▶ ACTION ITEM
Of the material below, the lines to be retyped are those from the line containing "Small Nightstand Dresser" through the line containing "Engine Coolant Temperature", inclusive; reproduce them exactly.

▶ DATASET
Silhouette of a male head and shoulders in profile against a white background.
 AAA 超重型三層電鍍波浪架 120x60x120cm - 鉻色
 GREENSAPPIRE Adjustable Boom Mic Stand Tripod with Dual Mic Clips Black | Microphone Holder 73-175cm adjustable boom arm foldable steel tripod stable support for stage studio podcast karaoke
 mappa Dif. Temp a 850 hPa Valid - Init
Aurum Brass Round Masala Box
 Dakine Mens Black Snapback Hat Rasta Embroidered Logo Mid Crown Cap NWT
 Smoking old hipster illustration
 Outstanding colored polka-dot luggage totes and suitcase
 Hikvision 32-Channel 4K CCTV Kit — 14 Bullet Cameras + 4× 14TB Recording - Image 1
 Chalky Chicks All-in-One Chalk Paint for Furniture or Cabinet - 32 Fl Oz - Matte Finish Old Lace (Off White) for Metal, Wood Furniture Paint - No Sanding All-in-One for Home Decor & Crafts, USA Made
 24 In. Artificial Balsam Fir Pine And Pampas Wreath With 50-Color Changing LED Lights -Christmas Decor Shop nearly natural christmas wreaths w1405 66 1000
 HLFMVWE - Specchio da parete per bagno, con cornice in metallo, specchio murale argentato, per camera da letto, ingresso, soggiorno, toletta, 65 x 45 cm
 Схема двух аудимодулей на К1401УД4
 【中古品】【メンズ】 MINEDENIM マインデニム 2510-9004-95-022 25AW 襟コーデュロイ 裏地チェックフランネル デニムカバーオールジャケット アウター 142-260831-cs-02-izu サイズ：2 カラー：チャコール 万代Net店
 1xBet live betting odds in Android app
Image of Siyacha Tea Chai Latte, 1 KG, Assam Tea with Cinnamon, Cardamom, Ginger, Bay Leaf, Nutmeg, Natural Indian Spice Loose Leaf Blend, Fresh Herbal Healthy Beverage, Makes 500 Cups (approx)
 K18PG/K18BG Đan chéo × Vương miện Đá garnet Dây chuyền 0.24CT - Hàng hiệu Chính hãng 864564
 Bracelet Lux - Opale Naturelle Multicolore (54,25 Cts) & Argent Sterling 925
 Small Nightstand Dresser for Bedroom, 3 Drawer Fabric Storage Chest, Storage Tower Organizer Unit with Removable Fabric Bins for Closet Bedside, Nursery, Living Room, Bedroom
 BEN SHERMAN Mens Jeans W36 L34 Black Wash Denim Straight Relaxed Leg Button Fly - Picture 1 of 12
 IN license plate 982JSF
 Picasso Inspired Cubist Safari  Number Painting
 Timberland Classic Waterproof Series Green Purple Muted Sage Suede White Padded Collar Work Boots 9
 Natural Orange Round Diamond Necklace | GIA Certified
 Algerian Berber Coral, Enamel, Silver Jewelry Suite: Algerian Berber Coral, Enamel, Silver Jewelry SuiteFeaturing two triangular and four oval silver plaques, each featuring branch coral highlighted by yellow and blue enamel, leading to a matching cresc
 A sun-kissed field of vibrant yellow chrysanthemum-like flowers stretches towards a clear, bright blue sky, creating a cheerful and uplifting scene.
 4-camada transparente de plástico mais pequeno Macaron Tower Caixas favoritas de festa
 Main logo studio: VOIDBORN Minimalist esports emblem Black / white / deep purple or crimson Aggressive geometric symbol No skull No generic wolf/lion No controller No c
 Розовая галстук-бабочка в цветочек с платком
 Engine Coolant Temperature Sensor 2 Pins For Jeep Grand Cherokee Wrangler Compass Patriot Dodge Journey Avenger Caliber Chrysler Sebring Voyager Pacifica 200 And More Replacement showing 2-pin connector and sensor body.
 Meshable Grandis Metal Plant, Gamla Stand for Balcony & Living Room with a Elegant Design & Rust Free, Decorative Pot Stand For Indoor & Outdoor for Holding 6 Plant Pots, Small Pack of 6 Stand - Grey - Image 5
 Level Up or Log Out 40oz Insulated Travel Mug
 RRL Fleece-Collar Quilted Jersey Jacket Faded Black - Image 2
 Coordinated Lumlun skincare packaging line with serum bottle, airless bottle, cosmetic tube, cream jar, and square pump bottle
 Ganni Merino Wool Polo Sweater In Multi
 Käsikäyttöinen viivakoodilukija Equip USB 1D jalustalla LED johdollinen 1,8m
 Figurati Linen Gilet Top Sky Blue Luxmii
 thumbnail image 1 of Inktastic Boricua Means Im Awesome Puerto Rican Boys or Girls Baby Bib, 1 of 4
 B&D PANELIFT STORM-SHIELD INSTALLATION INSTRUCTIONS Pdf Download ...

▶ ANSWER BOX
 Small Nightstand Dresser for Bedroom, 3 Drawer Fabric Storage Chest, Storage Tower Organizer Unit with Removable Fabric Bins for Closet Bedside, Nursery, Living Room, Bedroom
 BEN SHERMAN Mens Jeans W36 L34 Black Wash Denim Straight Relaxed Leg Button Fly - Picture 1 of 12
 IN license plate 982JSF
 Picasso Inspired Cubist Safari  Number Painting
 Timberland Classic Waterproof Series Green Purple Muted Sage Suede White Padded Collar Work Boots 9
 Natural Orange Round Diamond Necklace | GIA Certified
 Algerian Berber Coral, Enamel, Silver Jewelry Suite: Algerian Berber Coral, Enamel, Silver Jewelry SuiteFeaturing two triangular and four oval silver plaques, each featuring branch coral highlighted by yellow and blue enamel, leading to a matching cresc
 A sun-kissed field of vibrant yellow chrysanthemum-like flowers stretches towards a clear, bright blue sky, creating a cheerful and uplifting scene.
 4-camada transparente de plástico mais pequeno Macaron Tower Caixas favoritas de festa
 Main logo studio: VOIDBORN Minimalist esports emblem Black / white / deep purple or crimson Aggressive geometric symbol No skull No generic wolf/lion No controller No c
 Розовая галстук-бабочка в цветочек с платком
 Engine Coolant Temperature Sensor 2 Pins For Jeep Grand Cherokee Wrangler Compass Patriot Dodge Journey Avenger Caliber Chrysler Sebring Voyager Pacifica 200 And More Replacement showing 2-pin connector and sensor body.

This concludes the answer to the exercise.